Naomi opened her talk by saying she was going to discuss the details of an illegal invasion and occupation by fundamentalist terrorist, and that these were economic fundamentalists and the terrorists were the United States government. She said it wasn't true that Bush didn't have a post war plan, he had a plan, it just wasn't a good plan. The plan was to disappear the previous culture and in its place install a "gleaming showroom for laissez-faire economics, a utopia such as the world had never seen. Every policy that liberates multinational corporations to pursue their quest for profit would be put into place: a shrunken state, a flexible workforce, open borders, minimal taxes, no tariffs, no ownership restrictions."

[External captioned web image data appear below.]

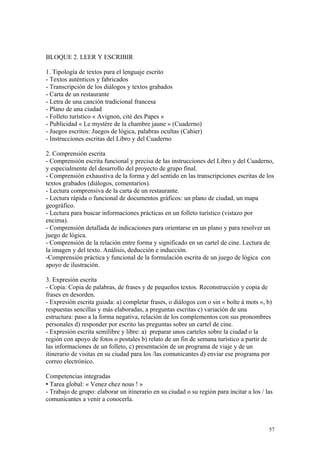 BLOQUE 2. LEER Y ESCRIBIR
1. Tipología de textos para el lenguaje escrito
- Textos auténticos y fabricados
- Transcripción de los diálogos y textos grabados
- Carta de un restaurante
- Letra de una canción tradicional francesa
- Plano de una ciudad
- Folleto turístico « Avignon, cité des Papes »
- Publicidad « Le mystère de la chambre jaune » (Cuaderno)
- Juegos escritos: Juegos de lógica, palabras ocultas (Cahier)
- Instrucciones escritas del Libro y del Cuaderno
2. Comprensión escrita
- Comprensión escrita funcional y precisa de las instrucciones del Libro y del Cuaderno,
y especialmente del desarrollo del proyecto de grupo final.
- Comprensión exhaustiva de la forma y del sentido en las transcripciones escritas de los
textos grabados (diálogos, comentarios).
- Lectura comprensiva de la carta de un restaurante.
- Lectura rápida o funcional de documentos gráficos: un plano de ciudad, un mapa
geográfico.
- Lectura para buscar informaciones prácticas en un folleto turístico (vistazo por
encima).
- Comprensión detallada de indicaciones para orientarse en un plano y para resolver un
juego de lógica.
- Comprensión de la relación entre forma y significado en un cartel de cine. Lectura de
la imagen y del texto. Análisis, deducción e inducción.
-Comprensión práctica y funcional de la formulación escrita de un juego de lógica con
apoyo de ilustración.
3. Expresión escrita
- Copia: Copia de palabras, de frases y de pequeños textos. Reconstrucción y copia de
frases en desorden.
- Expresión escrita guiada: a) completar frases, o diálogos con o sin « boîte à mots », b)
respuestas sencillas y más elaboradas, a preguntas escritas c) variación de una
estructura: paso a la forma negativa, relación de los complementos con sus pronombres
personales d) responder por escrito las preguntas sobre un cartel de cine.
- Expresión escrita semilibre y libre: a) preparar unos carteles sobre la ciudad o la
región con apoyo de fotos o postales b) relato de un fin de semana turístico a partir de
las informaciones de un folleto, c) presentación de un programa de viaje y de un
itinerario de visitas en su ciudad para los /las comunicantes d) enviar ese programa por
correo electrónico.
Competencias integradas
 Tarea global: « Venez chez nous ! »
- Trabajo de grupo: elaborar un itinerario en su ciudad o su región para incitar a los / las
comunicantes a venir a conocerla.
57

Paul Bremmer lead the US occupation of Iraq from May 2 2003, and initiated an economic and cultural shock and awe campaign to the reconstruction. In one summer he was able to make more changes in Iraq than the IMF had been able to make in three decades in Latin America. While the fires were still burning, his first job was to fire 500,000 state workers (without even giving them back pay), and With unemployment running at 67% and no social assistance. Back in the western world we hear of $18 billion in reconstruction but there were no cranes, no bulldozers, no electricity in Baghdad, but in the military controlled green zone construction was going non-stop on 16 permanent military bases. Then within a month Bremmer had thrown the doors of the country wide open to unrestricted foriegn investment. The theory of placing an entire country under such an extreme state of shock that the population would be unable to resist was based on the same torture theory for individuals, and it's worth while reading the article for the details.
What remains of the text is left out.